In a motion to dismiss the case filed Friday, prosecutor Kevin Allen said he was never given the main case file that supported the charges against Wilkey, which should have been kept at the Hamilton County District Attorney's Office.

Allen said several of the charges didn't have enough evidence to be prosecuted because the alleged victims connected to them did not speak to investigators or law enforcement before a grand jury indicted Wilkey.

Even without the complete case file, Allen said he made an effort to speak with investigators and others who had worked on the case to see if it could move forward.

"Based on information obtained from those sources and, more significantly, information assembled from the parallel civil litigation, the state sees no avenue of prosecution in this matter and moves to dismiss," Allen's motion said.

Allen and Wilkey both declined to comment further following Friday's hearing.

"When I heard about it, of course I was glad to hear it," Sheriff Austin Garrett said in an interview Friday afternoon. "It's a good resolution."

The charges came from three victims who alleged Wilkey had performed illegal body and cavity searches during traffic stops and another who alleged Wilkey coerced her into being baptized after a traffic stop where she admitted to having a small amount of marijuana, according to court documents.


Seventeen of the 44 counts against Wilkey were related to alleged instances of reckless driving, mostly speeding, found while investigators reviewed the deputy's dashboard camera footage in response to the rest of the allegations, court filings state.

Wilkey's attorney, Ben McGowan, said in an email to the Chattanooga Times Free Press on Friday that the dismissal supports what the defense team has said from the beginning.

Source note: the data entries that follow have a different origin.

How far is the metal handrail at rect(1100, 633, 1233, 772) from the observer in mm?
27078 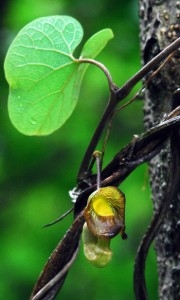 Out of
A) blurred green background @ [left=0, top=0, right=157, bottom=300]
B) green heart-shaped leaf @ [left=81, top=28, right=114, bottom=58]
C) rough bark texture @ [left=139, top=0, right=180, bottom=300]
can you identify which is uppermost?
green heart-shaped leaf @ [left=81, top=28, right=114, bottom=58]

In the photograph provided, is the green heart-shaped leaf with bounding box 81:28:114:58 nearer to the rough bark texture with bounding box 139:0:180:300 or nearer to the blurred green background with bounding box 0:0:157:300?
the rough bark texture with bounding box 139:0:180:300

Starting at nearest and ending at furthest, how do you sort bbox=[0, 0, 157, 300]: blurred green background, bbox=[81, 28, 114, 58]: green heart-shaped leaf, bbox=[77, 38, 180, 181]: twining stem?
bbox=[77, 38, 180, 181]: twining stem → bbox=[81, 28, 114, 58]: green heart-shaped leaf → bbox=[0, 0, 157, 300]: blurred green background

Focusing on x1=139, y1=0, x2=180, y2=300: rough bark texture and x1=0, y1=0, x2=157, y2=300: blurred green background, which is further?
x1=0, y1=0, x2=157, y2=300: blurred green background

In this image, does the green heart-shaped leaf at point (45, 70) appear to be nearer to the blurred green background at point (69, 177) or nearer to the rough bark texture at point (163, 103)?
the rough bark texture at point (163, 103)

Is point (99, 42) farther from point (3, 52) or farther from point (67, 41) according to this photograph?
point (3, 52)

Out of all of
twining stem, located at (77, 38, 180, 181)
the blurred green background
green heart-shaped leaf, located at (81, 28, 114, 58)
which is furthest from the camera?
the blurred green background

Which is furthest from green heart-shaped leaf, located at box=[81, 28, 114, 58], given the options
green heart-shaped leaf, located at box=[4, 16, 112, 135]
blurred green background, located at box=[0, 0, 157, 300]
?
blurred green background, located at box=[0, 0, 157, 300]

"The former district attorney's criminal charges against Mr. Wilkey were factually unfounded and should never have been filed," McGowan said.

Wilkey still faces several claims of civil rights violations in federal lawsuits, many related to the same allegations.

(READ MORE: Former Hamilton County Deputy Wilkey appeals federal judge's decision)

Robin Flores, a Chattanooga attorney representing the estate of the late Shandle Riley, who alleged Wilkey baptized her in exchange for a lighter punishment, called Friday's dismissal "a joke." Riley died of an overdose in 2022, an autopsy showed.

"I've never once spoken to this district attorney," Flores said by phone Friday. "We have mountains of evidence and dispositions and discovery material filed in federal court. All he had to do was ask for it."

MISSING FILE

Allen, a prosecutor with the Nashville-based Tennessee District Attorneys General Conference, was appointed to represent the state in August because the newly-elected Hamilton County district attorney, Coty Wamp, had worked as an attorney in the Hamilton County Sheriff's Office during litigation over Wilkey's actions.

Allen said he asked Neal Pinkston, the former district attorney ousted by Wamp in the 2022 Republican primary, to send him the case files during the final days of Pinkston's term. At that time, the motion states, Pinkston said the file was not in the District Attorney's Office but that he planned to send one at some point.

"None would ever be provided," Allen said in the dismissal motion. "As of the date of this pleading, no file has been located."

Pinkston said in a phone interview Friday the file should have been in his office when Allen requested it, but he does not remember receiving that request while still in office. He told reporters in a Friday news conference he does not know where the file is or was and didn't know why the District Attorney's Office could not find it after he left. He was never called to testify in court about the missing file, Pinkston said in an email Friday.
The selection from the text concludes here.